*** Data extracts ***

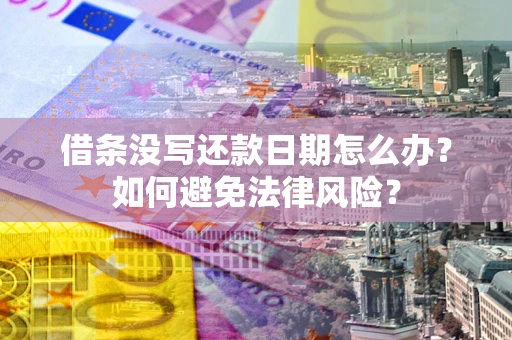 武汉借条没写还款日期怎么办?如何避免法律风险? 武汉借条没写还款日期怎么办?如何避免法律风险?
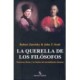 QUERELLA DE LOS FILOSOFOS, LA: ROUSSEAU,HUME Y LOS LIMITES D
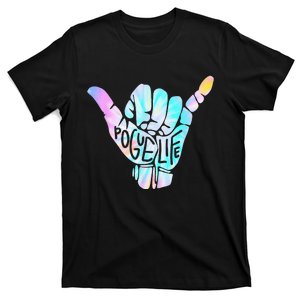 Pogue Life Shaka Hand Hang Loose Tie Dye Pattern T-Shirt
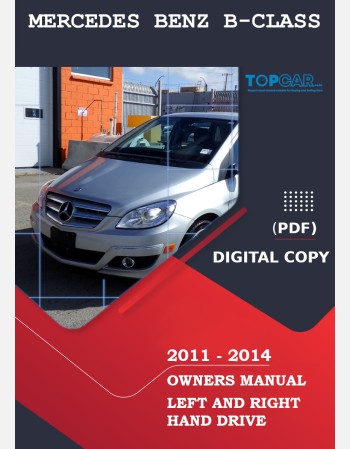 mercedes benz b class 2011 2012 2013 2014 owners manual rhd and lhd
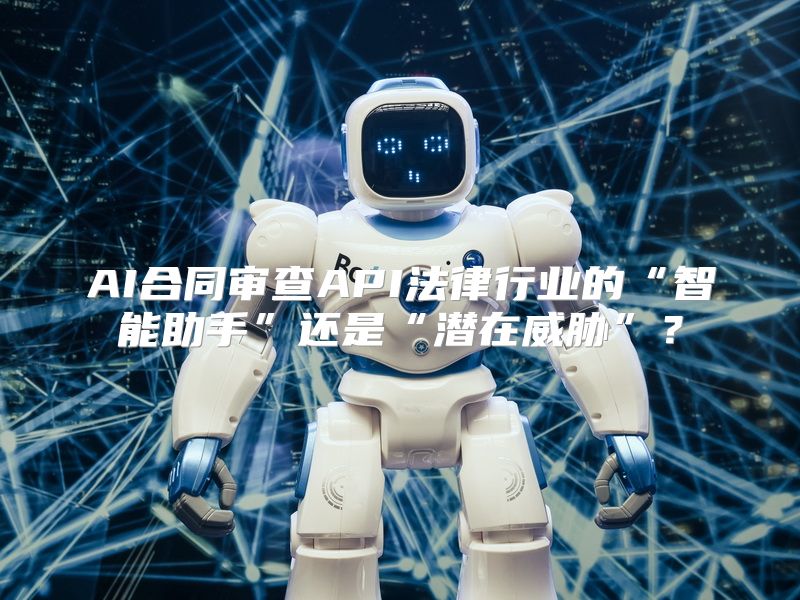 AI合同审查API法律行业的“智能助手”还是“潜在威胁”？
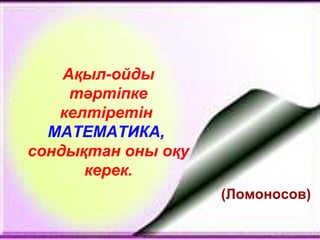 Ақыл-ойды
тәртіпке
келтіретін
МАТЕМАТИКА,
сондықтан оны оқу
керек.
(Ломоносов)
 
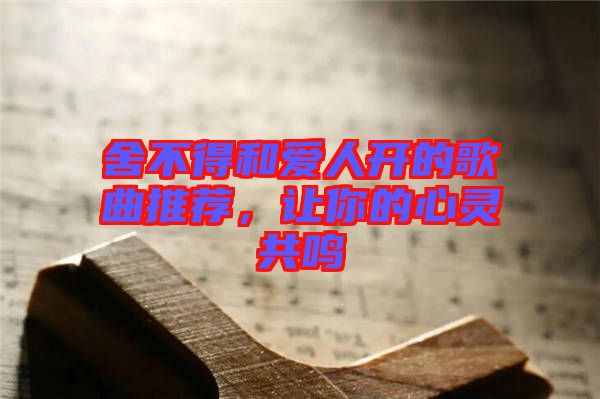 舍不得和愛(ài)人開(kāi)的歌曲推薦，讓你的心靈共鳴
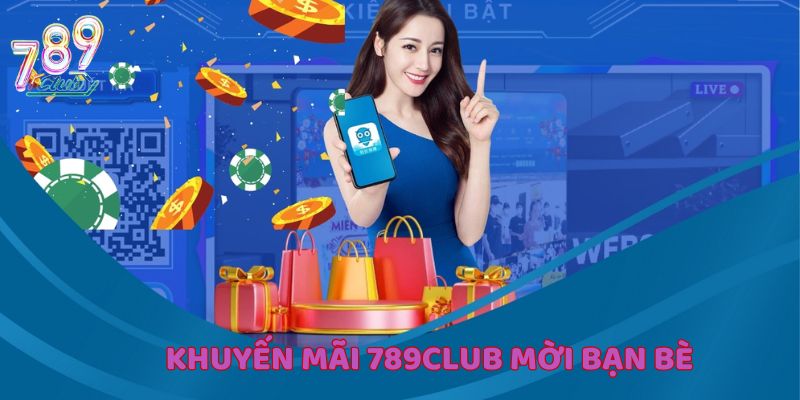 Mời bạn bè nhận ngay khuyến mãi 789Club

*** End of Data extracts ***

__What you will do__:
Retype all records exactly as shown above, images excluded.

__Answer section__:
 武汉借条没写还款日期怎么办?如何避免法律风险? 武汉借条没写还款日期怎么办?如何避免法律风险?
 QUERELLA DE LOS FILOSOFOS, LA: ROUSSEAU,HUME Y LOS LIMITES D
 Pogue Life Shaka Hand Hang Loose Tie Dye Pattern T-Shirt
 mercedes benz b class 2011 2012 2013 2014 owners manual rhd and lhd
 AI合同审查API法律行业的“智能助手”还是“潜在威胁”？
 Ақыл-ойды
тәртіпке
келтіретін
МАТЕМАТИКА,
сондықтан оны оқу
керек.
(Ломоносов)
 
 舍不得和愛(ài)人開(kāi)的歌曲推薦，讓你的心靈共鳴
 Mời bạn bè nhận ngay khuyến mãi 789Club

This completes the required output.